Organische stof: Organische stof is biologisch materiaal. De organische stof zelf bevat relevante mineralen als stikstof, fosfor en zwavel, die na afbraak van de organische stof beschikbaar komen (mineraliseren). De toevoer van organisch materiaal aan de bodem stimuleert het bodemleven en kan de bodemweerbaarheid verhogen.
Parameters: Variabelen. Een voorbeeld van een voerparameter is bijvoorbeeld het eiwitgehalte in het rantsoen van koeien.
Referentiemetingen: Controlemetingen uitgevoerd conform standaard meetmethoden.
Rentabiliteit: De mate waarin iets winstgevend is.
Roterend standweiden: Het roterend-standweide-systeem is een systeem waarbij de koeien afwisselend op enkele percelen lopen. Het is een variant van het standweiden-systeem, waarbij de koeien de hele tijd op hetzelfde perceel lopen.
Rosé(kalverbedrijven): Dit zijn kalveren die worden gehouden voor de vleesproductie. De kalveren krijgen melk en ruwvoer. Het rantsoen maakt dat het vlees van de kalveren een wat rossige kleur heeft vergeleken met kalveren die alleen melk krijgen.
Significant: betekenisvol. Het is dan aannemelijk dat een verband tussen twee parameters niet op toeval berust. Met behulp van statistiek kunnen significante verbanden worden aangetoond.
Ventilatiedebiet: Luchtverversing in de stal.
Voeradditieven: Toevoegmiddel in het voer van dieren. Een additief wordt (meestal in kleine) hoeveelheid toegevoegd aan het voer om een bepaald effect te bereiken. Bepaalde voeradditieven kunnen voor reductie van emissies zorgen.
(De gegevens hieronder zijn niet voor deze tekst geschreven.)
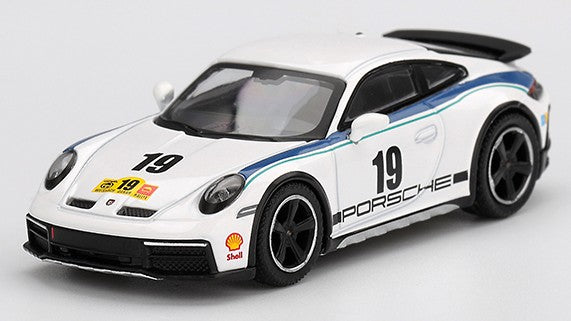 PORSCHE 911 (992) DAKAR RALLYE
DESIGN PACKAGE 74 2024 1:64 Scala 1:64 Mini GT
Vluchtige vetzuren: De vluchtige vetzuren azijnzuur, boterzuur en propionzuur worden gevormd in de pens van runderen. Boterzuur en azijnzuur worden gebruikt bij de vorming van het melkvet. Propionzuur wordt gebruikt bij de vorming van melklactose en werkt hierdoor melkproductie verhogend.